Now, MD Anderson has emerged with some of the first clinical proof this can work. A team led by Katayoun Rezvani attached CARs – chimeric antigen receptors – for CD19 to natural killer cells and injected them into 11 patients with either non-Hodgkin lymphoma or chronic lymphocytic leukemia. Seven of them had a complete response; their tumors vanished.
The news is a step forward in natural killer cell research and for cancer cell therapy as a field. It’s also a good sign for Takeda, who licensed the therapy for an undisclosed sum in November as part of a broad push to reignite an ailing R&D engine.
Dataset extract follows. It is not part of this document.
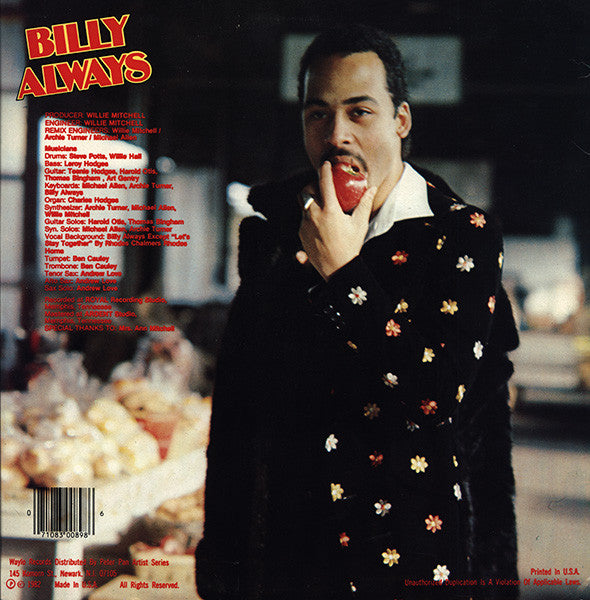 Master Release: Billy Always by Billy Always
Results from the Phase I/II study were published in the New England Journal of Medicine.
Much of the interest around natural killer cell therapy, or CAR-NK, stems from their potential as a form of “off-the-shelf CAR-T.” CAR-T treatments such as Kite Pharma’s Yescarta and Novartis’ Kymriah have disappointed commercially because they have to be done using a patient’s own cells, setting off a long and costly process that both limit the number of patients it can help and potential profit. You can’t use donor T cells now in part because it would likely trigger graft-versus-host disease, although there are ongoing efforts to get around that and make an allogenic CAR-T.
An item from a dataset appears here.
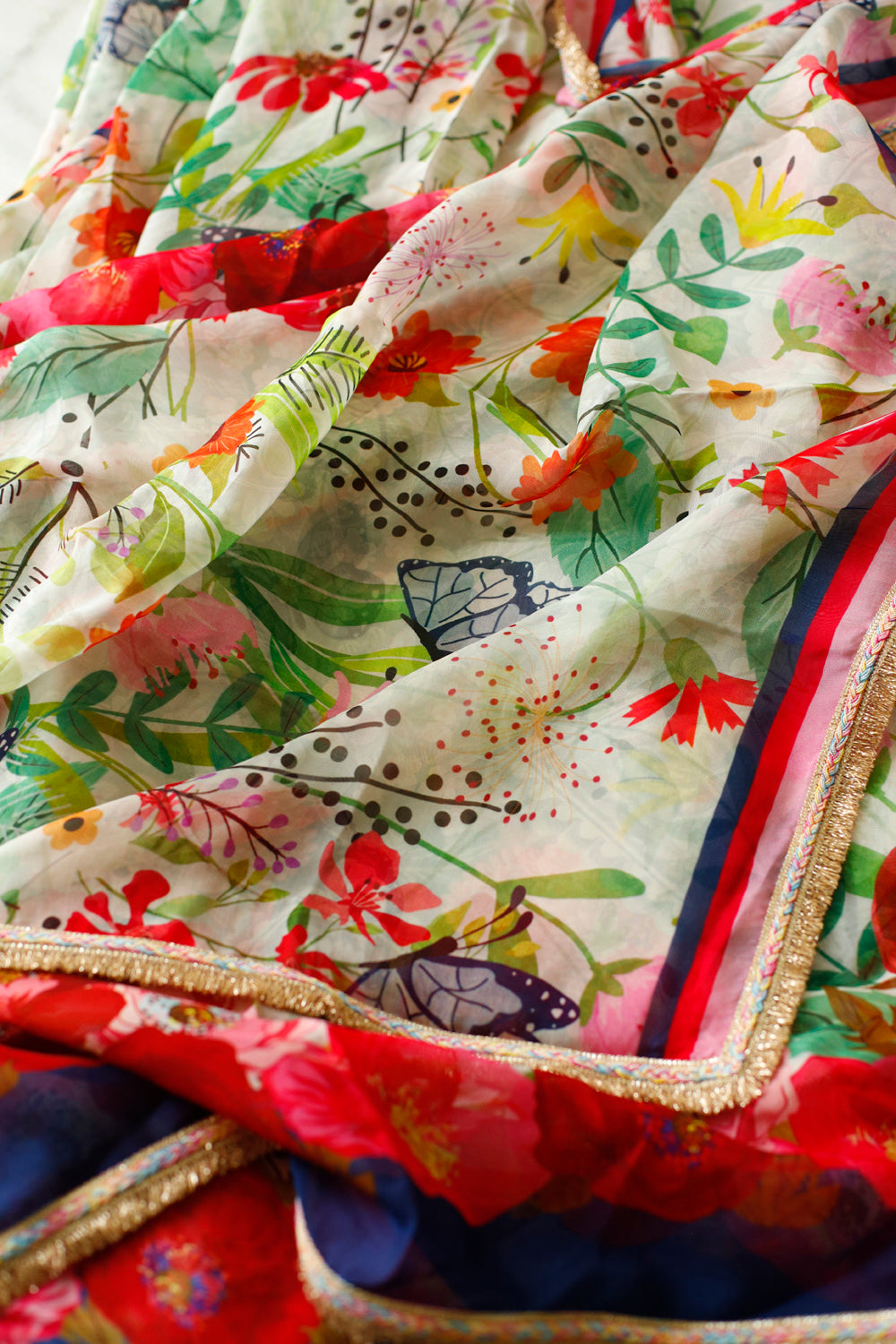 ANEK TITLIYAN - Organza Saree with Blouse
But foreign natural killer cells don’t cause graft-versus-host disease. So rather than drawing millions of a patient’s cells, treating them with a receptor over weeks or months and then reinjecting them into a patient, Rezvani could use donated umbilical cord blood. For 9 of the 11 patients, the team found a partial donor match and for the last 2, the cells were completely mismatched. None of the patients experienced GVHD.
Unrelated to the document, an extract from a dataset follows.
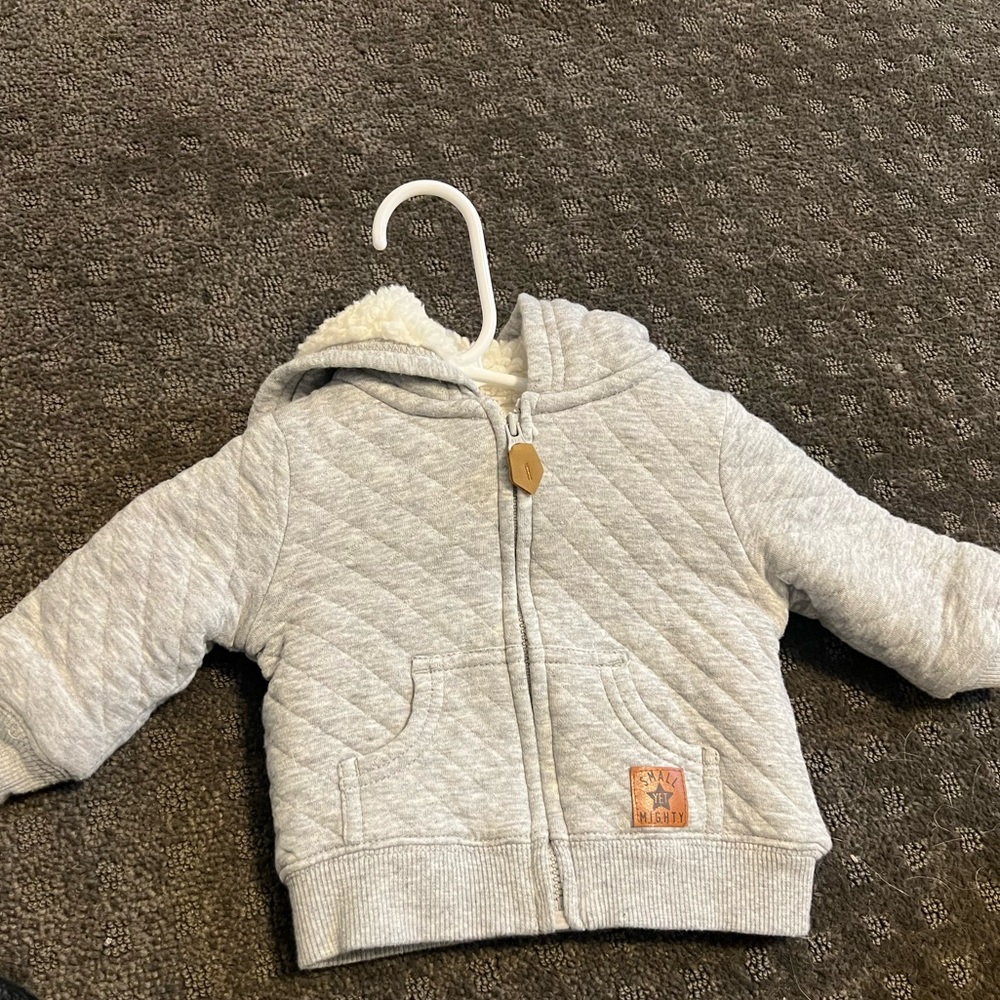 Carters 3 month zip up hoodie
“We have shown that we can manufacture hundreds of doses of CAR NK cells from a single unit of cord blood,” Rezvani said in December. “Ultimately, our plan is to freeze and store these CAR NK cells in a cell bank so that when a patient comes to the clinic, we can take those CAR NK cells immediately from the bank to treat the patients, making this a truly off-the-shelf-product.”
Rezvani’s team took isolated natural killers cells from the umbilical cord blood, genetically modified them to identify cancers that would otherwise evade the cells, “armored” the natural killers with IL-15 and finally injected them into 11 patients who had already been through a median of 4 lines of therapy. Most began to respond within 30 days. After 13.8 months, seven were still disease-free, although the researchers said the actual duration of response couldn’t be measured because patients went on other therapies after receiving the CAR-NK.
The other benefit of natural killer cells is that they appear to not cause the main toxicity that CAR-T can cause: cytokine release syndrome, a potentially deadly scenario in which the modified immune cells release billions of inflammation-causing molecules. This syndrome is thought to be caused by IL-6, and natural killers give off far less of that protein than T cells.
The therapy could reach patients soon, at least by the standards of early-stage cancer studies. Takeda R&D chief Andy Plump told Endpoints News in November they were looking to initiate a pivotal trial in 2021.